A lot of the people I see come to me because they have issues with their weight.

The vast majority of them want to lose weight (though some have issues around limited eating or eating disorders) and they often tell me that they struggle to control their hunger. They are sometimes ‘always hungry‘ and sometimes ‘eat when they are not hungry’. When I ask them about their ‘Newsfeed’, I often get a confused look.

Let me explain where I’m coming from.

Language is a funny thing – especially the English language. It is full of metaphor, simile, multiple meanings and interesting roots. The use of language influences the way we think – so much so that when people do brain scans of bilingual people, they can sometimes differentiate between which language they are thinking in! As a result, the words we think in can influence our feelings and therefore our behaviours.

So, let’s explore some language around eating.

Metaphors around food and eating

Food / eating metaphors are often associated with things we like or dislike

‘That’s just to my taste’  ‘You’re my cup of tea’  ‘I could eat him up’ ‘She’s the cream of the crop’  ‘That’s the cherry on the top’

or

‘It left a bad taste in my mouth’  ‘That thought turns my stomach’ ‘scraping the bottom of the barrel’  ‘I’m sick of this feeling’

There are also lots of metaphors related to food and eating when it comes to information.

‘Here’s some food for thought’ ‘Do you just swallow everything you are told?’ ‘Do you fall for it hook, line and sinker?’ ‘How’s is your newsfeed?’ ‘Do you like things sugarcoated?’ or maybe you ‘take things with a pinch of salt’. If things are too ‘plain’ or ‘bland’ do you want them to be ‘spiced up a little?’ If you have ‘too much on your plate’ do you ‘break it down to bite sized chunks’ or spend time ‘ruminating’ on it? If you ‘bite off more than you can chew’, do you find it ‘hard to digest?’ or then again maybe you just ‘choke’. Do you ‘Cherry Pick’ your information or do you want to ‘have your cake and eat it?’

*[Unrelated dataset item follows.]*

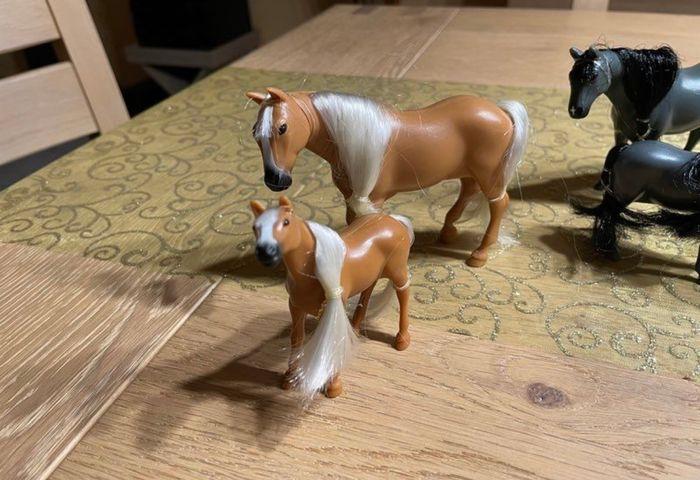 Lot de chevaux en plastique - photo numéro 2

One of the quirks of being us is that we often conflate things. In this case the language of eating and the language of information.

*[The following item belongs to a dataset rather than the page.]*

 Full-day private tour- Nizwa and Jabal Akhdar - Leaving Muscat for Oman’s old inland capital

This then begs the question, are there similarities between your approach to information and your approach to food?

Do you believe everything that you see or hear, or are you particular about where your information comes from?

Do you only look for information when you need it or are you permanently on the look out for stimulation?

Do you focus your attention at a particular time or are you always open for more?

Are you fussy about what you let in?

Do you like to be entertained with fast, cheap, junk or are you looking for something that nourishes you?

For those of you on WordPress, look are your reader lists – what do you see? If you’re on Facebook or Twitter, what does your ‘newsfeed’ look like? How often do you look at it?


I am constantly fascinated with the language of metaphors and would love to know of any more that you think of, or any insights you may have.

Please leave any feedback in the comments – I’m ‘hungry to hear’ what you have to say!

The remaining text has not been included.